Em meio à cobertura jornalística das trágicas ocorrências no Haiti, um depoimento aparentemente desimportante deixou-me profundamente comovido: - "Queria poder estar lá, ao lado do meu povo, dos meus conterrâneos. Se nada pudesse fazer, pelo menos queria estar chorando com eles." Foram essas as palavras de um jovem universitário daquele país, que estuda em Porto Alegre por força de um desses muitos projetos de cooperação entre nações amigas. É isto, há momentos na vida das pessoas em que quase nada se pode fazer para aliviar o seu sofrimento, amenizar a sua dor, além de chorar com elas.
O fato fez-me recordar uma crônica de Nelson Rodrigues a que fiz alusão no livro Do amor e outras crônicas. Nelson se refere a um amigo que marcara com ele um almoço. Diz o cronista: - "Éramos amigos e fundamos naquela mesa a nossa solidão (a perfeita solidão há de ter pelo menos a presença numerosa de um amigo real!)." O homem assumia em prantos jamais ter superado a perda do pai. Essas e outras perdas são muitas vezes dores insuportáveis, pelo menos durante um tempo que não se pode estabelecer com precisão. Esta semana pude testemunhar a dor de um amigo que, havia dias, perdera a mulher em um desastre de carro.

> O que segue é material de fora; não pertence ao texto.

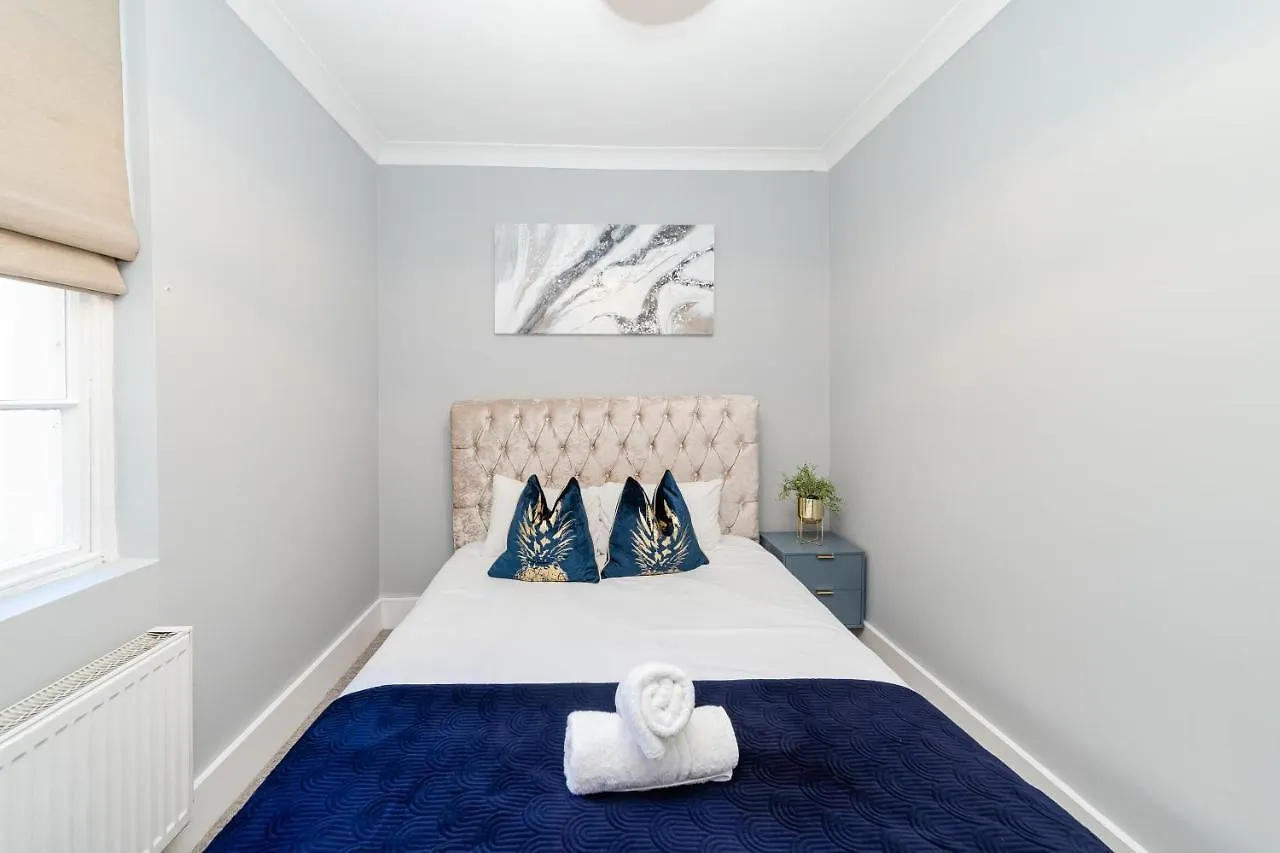 Central One Bedroom Flat Next To Seafront Montp Brighton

Ligou-me com a carência de um desesperado: - "Amigo, preciso de ti, não estou suportando mais!" Fui ao seu encontro.
O homem estava numa angústia sem nome, contorsia-se como se uma dor física lancinante o dilacerasse naquele instante. Tinha os olhos injetados. A quem o visse naquele desespero haveria de alguma forma tocar fundo. Nessas circunstâncias, pouco, quase nada se pode fazer, além de compreender o que se passa com o outro. Se não se chora com ele, que nem todos têm a emoção assim aguçada, a presença silenciosa já é o bastante. A presença silenciosa e solidária, a solidão numerosa de um amigo real. Quase sempre, sem dizer palavra, que em certas horas de nada valerá dizer.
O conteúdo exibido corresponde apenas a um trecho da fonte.